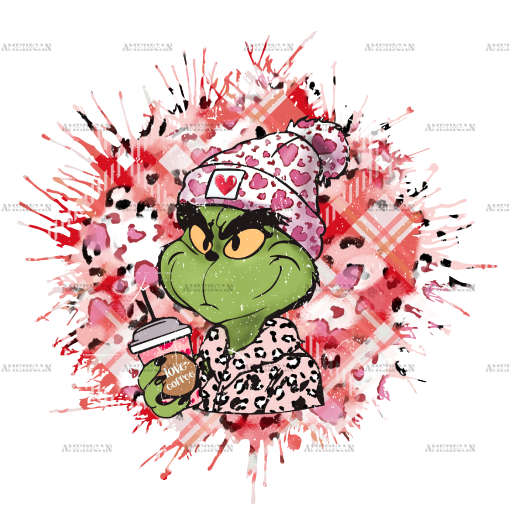 Grinchy Love Coffee Leopard DTF Transfer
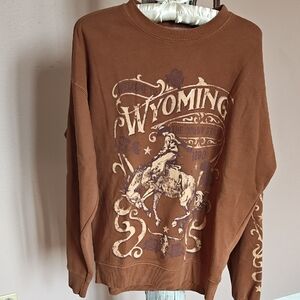 Wyoming Cowboy Graphic Brown Sweatshirt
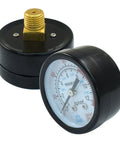 Two Pack 2 Inch Air Pressure Gauges For Air Compressors One Quarter Inch NPT Center Back Mount Brass Connection Sturdy Black Steel Housing 52 mm Dial Dual Gauge Set For Precise Readings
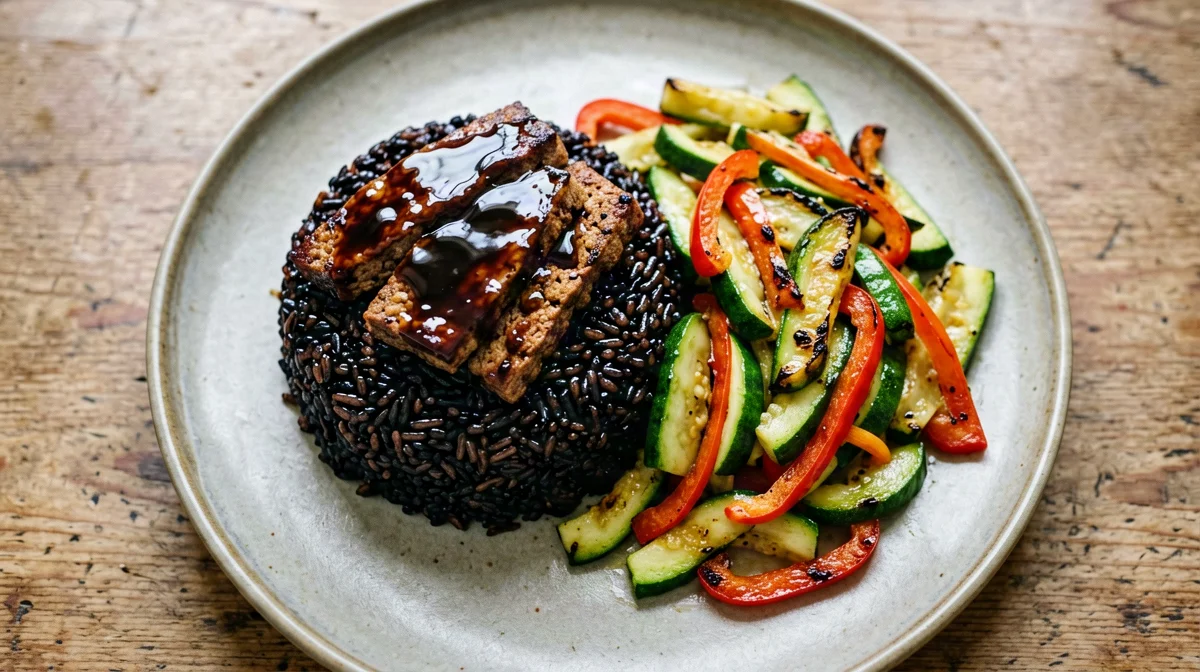 Tempeh glassato al tamari con riso Venere e verdure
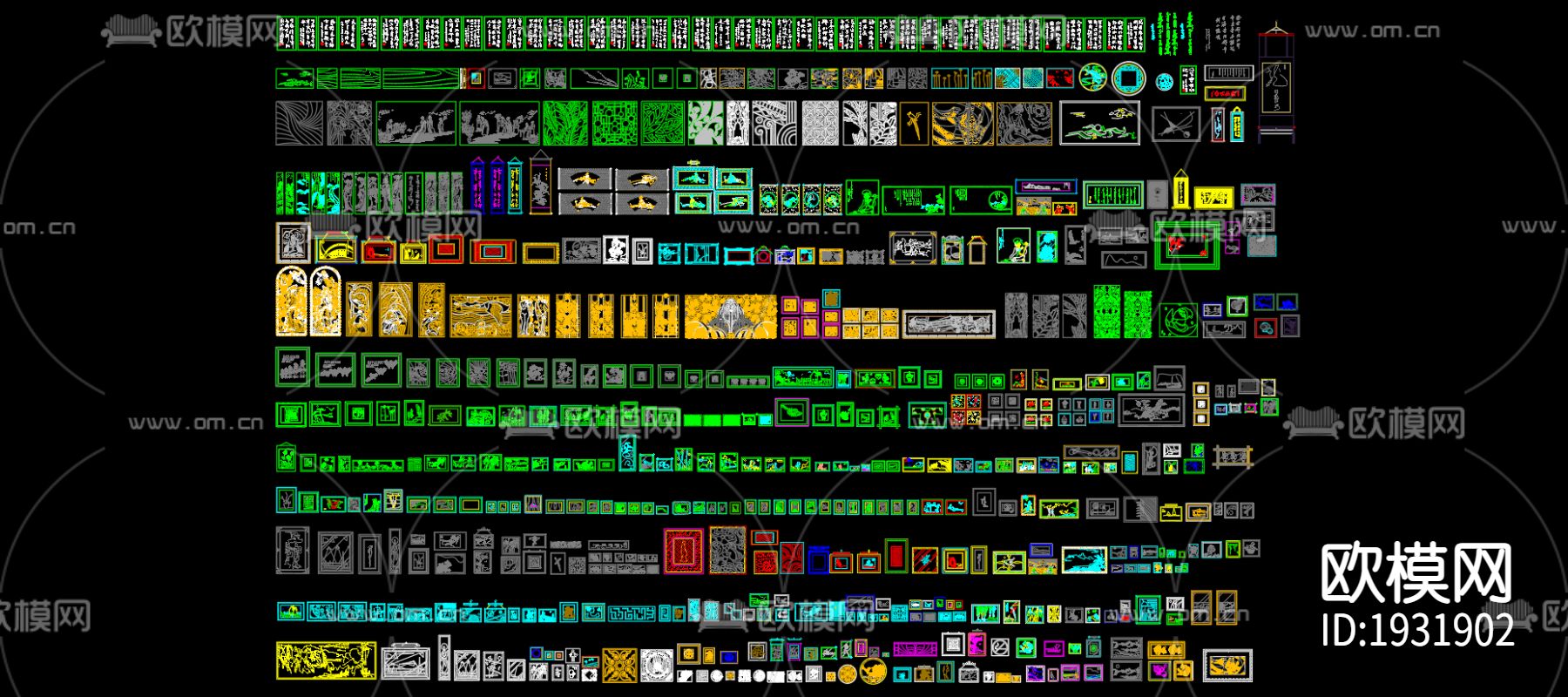 装饰画CAD图库下载（渲染图1）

········

Set down only the lines running from the line with "Tempeh glassato al" to the end of the entries, inclusive; omit every picture.

#### TASK OUTPUT
 Tempeh glassato al tamari con riso Venere e verdure
 装饰画CAD图库下载（渲染图1）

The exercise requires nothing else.